Open Journal of Statistics
Vol.04 No.02(2014), Article ID:43294,9 pages

Numerical Procedures for Calculating the Probabilities of Recurrent Runs

M. P. Silverman

Department of Physics, Trinity College, Hartford, USA


Copyright © 2014 M. P. Silverman. This is an open access article distributed under the Creative Commons Attribution License, which permits unrestricted use, distribution, and reproduction in any medium, provided the original work is properly cited. In accordance of the Creative Commons Attribution License all Copyrights © 2014 are reserved for SCIRP and the owner of the intellectual property M. P. Silverman. All Copyright © 2014 are guarded by law and by SCIRP as a guardian.

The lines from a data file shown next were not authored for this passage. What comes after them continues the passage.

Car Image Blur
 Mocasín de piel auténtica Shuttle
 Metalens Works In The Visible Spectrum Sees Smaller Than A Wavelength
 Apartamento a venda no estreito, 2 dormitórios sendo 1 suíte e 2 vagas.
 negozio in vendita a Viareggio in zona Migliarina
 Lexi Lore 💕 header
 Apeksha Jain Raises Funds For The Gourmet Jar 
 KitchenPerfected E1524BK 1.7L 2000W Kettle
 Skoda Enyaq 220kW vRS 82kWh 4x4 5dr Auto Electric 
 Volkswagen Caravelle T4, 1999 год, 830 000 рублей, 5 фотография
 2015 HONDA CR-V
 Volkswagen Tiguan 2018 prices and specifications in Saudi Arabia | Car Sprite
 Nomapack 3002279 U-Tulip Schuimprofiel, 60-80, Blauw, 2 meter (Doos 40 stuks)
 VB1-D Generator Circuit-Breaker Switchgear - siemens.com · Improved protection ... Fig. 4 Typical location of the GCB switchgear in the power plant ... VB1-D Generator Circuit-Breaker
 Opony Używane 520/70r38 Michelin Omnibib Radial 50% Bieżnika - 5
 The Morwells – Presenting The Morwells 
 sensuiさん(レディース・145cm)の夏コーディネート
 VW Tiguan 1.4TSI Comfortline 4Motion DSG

Received October 22, 2013; revised November 22, 2013; accepted November 30, 2013

Run count statistics serve a central role in tests of non-randomness of stochastic processes of interest to a wide range of disciplines within the physical sciences, social sciences, business and finance, and other endeavors involving intrinsic uncertainty. To carry out such tests, it is often necessary to calculate two kinds of run count probabilities: 1) the probability that a certain number of trials results in a specified multiple occurrence of an event, or 2) the probability that a specified number of occurrences of an event take place within a fixed number of trials. The use of appropriate generating functions provides a systematic procedure for obtaining the distribution functions of these probabilities. This paper examines relationships among the generating functions applicable to recurrent runs and discusses methods, employing symbolic mathematical software, for implementing numerical extraction of probabilities. In addition, the asymptotic form of the cumulative distribution function is derived, which allows accurate runs statistics to be obtained for sequences of trials so large that computation times for extraction of this information from the generating functions could be impractically long.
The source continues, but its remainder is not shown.